In this corner: Andy and Jean Michel

The Last Decade, which opens today and continues through September 12, 2010, includes some of his film and TV work, including Warhol's MTV pilot "15 Minutes of Fame" and other films by him of that era.  In his later years, his work explored religious themes, and he continued to work with new techniques and imagery,  for awhile influenced by Basquiat and Francesco Clemente and the work of younger artists. The inclusion of Brooklyn-born Basquiat in the Brooklyn-based show is just so right and a wonderful touch. We fondly remember the enormous Basquiat retrospective at the Brooklyn Museum a few years back, and last year, we saw the wonderful To Repel Ghosts ('Fantasme da scacciare') by Basquiat at The Memmo Foundation in Palazzo Ruspoli on Via Del Corso in Rome. That previous post here.   Although apparently extremely meaningul to both artists, this proved short lived . The two, one a grafitti artist who helped transform and became part of the "bull market in art in the 1980s, the other a commercial artist who mingled fine and commercial art to create the Pop Art of the 1960s and 1970s and who transformed art and helped to give New York its emerging identity as a world contemporary art capital, both appear to have influenced and shadowed each other. They both died within about a year and a half of each other, both in NYC.

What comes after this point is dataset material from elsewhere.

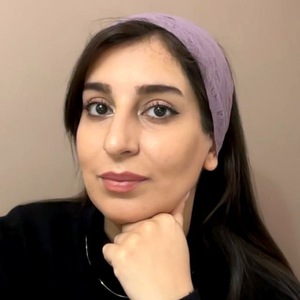 Teacher Mahsaimage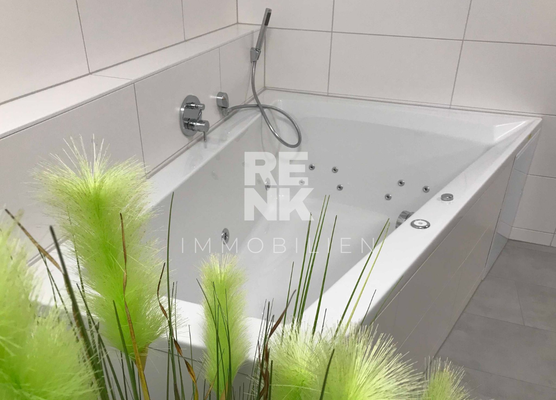 Whirlpool-Badewanne im Gemeinschaftsbereich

While not a retrospective, it manages to cover many of the important milestones in Warhol's art and career, as the artist re-explored his use of certain images (commercial logos and images) in his later work. The exhibit offers a nice pastiche of the "Interview" magazine years and his curious flirtation with celebrity, glamour, and urban nightlife. Somewhere between the Hall and Oates and Diana Vreeland videos and the religious iconography, we see the dynamic expressed between the public and private Warhol.  Still, this look at the final chapter of Warhol's work shows a restless, sublimely creative man, who continued to take new risks and new roads throughout his life, as he evidently attempted to understand his art and himself.